Single-cell transcriptomic analysis of retinal immune regulation and blood-retinal barrier function during experimental autoimmune uveitis.

Uveitis is characterised by breakdown of the blood-retinal barrier (BRB), allowing infiltration of immune cells that mediate intraocular inflammation, which can lead to irreversible damage of the neuroretina and the loss of sight. Treatment of uveitis relies heavily on corticosteroids and systemic immunosuppression due to limited understanding of disease pathogenesis. We performed single-cell RNA-sequencing of retinas, as well as bulk RNA-sequencing of retinal pigment epithelial (RPE) cells from mice with experimental autoimmune uveitis (EAU) versus healthy control. This revealed that the Th1/Th17-driven disease induced strong gene expression changes in response to inflammation in rods, cones, Müller glia and RPE. In particular, Müller glia and RPE cells were found to upregulate expression of chemokines, complement factors, leukocyte adhesion molecules and MHC class II, thus highlighting their contributions to immune cell recruitment and antigen presentation at the inner and outer BRB, respectively.
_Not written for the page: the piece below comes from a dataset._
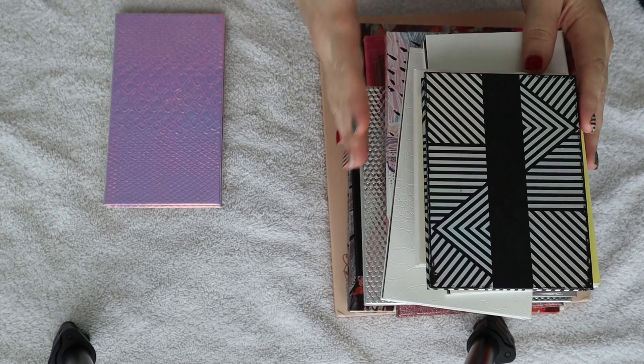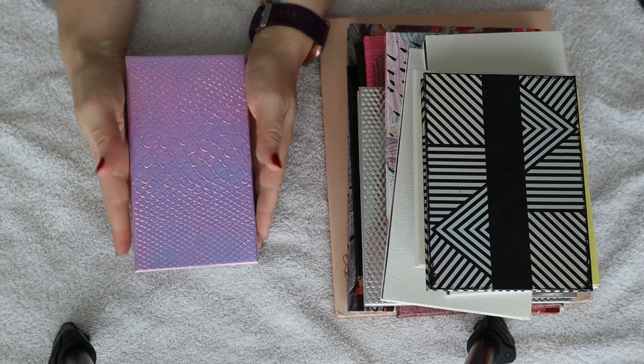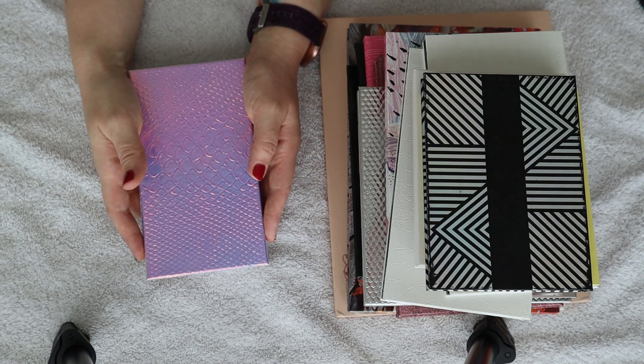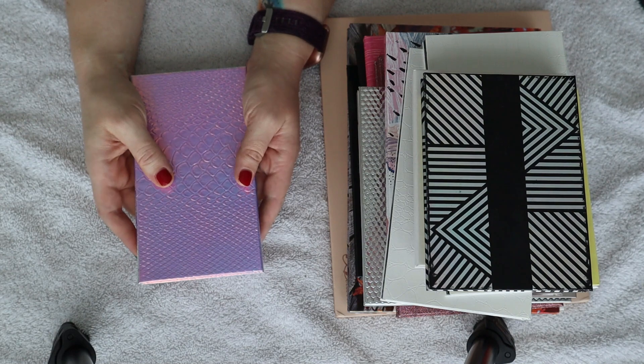Now comes the fun of sitting down with all of my single eyeshadows, going through them all, and putting together a palette. I think I'm going to try to shoot for a 12-pan palette, just as an accompaniment. Here we have my ridiculous stack of magnetic palettes — I really do need to go in and organize them, but that is not the project for today. I think I really want to go for something much more neutral because I feel like I'm just a little bit burnt out on color at the moment.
Additionally, ligand-receptor interaction analysis with CellPhoneDB revealed key interactions between Müller glia and T cell / natural killer cell subsets via chemokines, galectin-9 to P4HB/TIM-3, PD-L1 to PD-1, and nectin-2/3 to TIGIT signalling axes. Our findings elucidate mechanisms contributing to breakdown of retinal immune privilege during uveitis and identify novel targets for therapeutic interventions.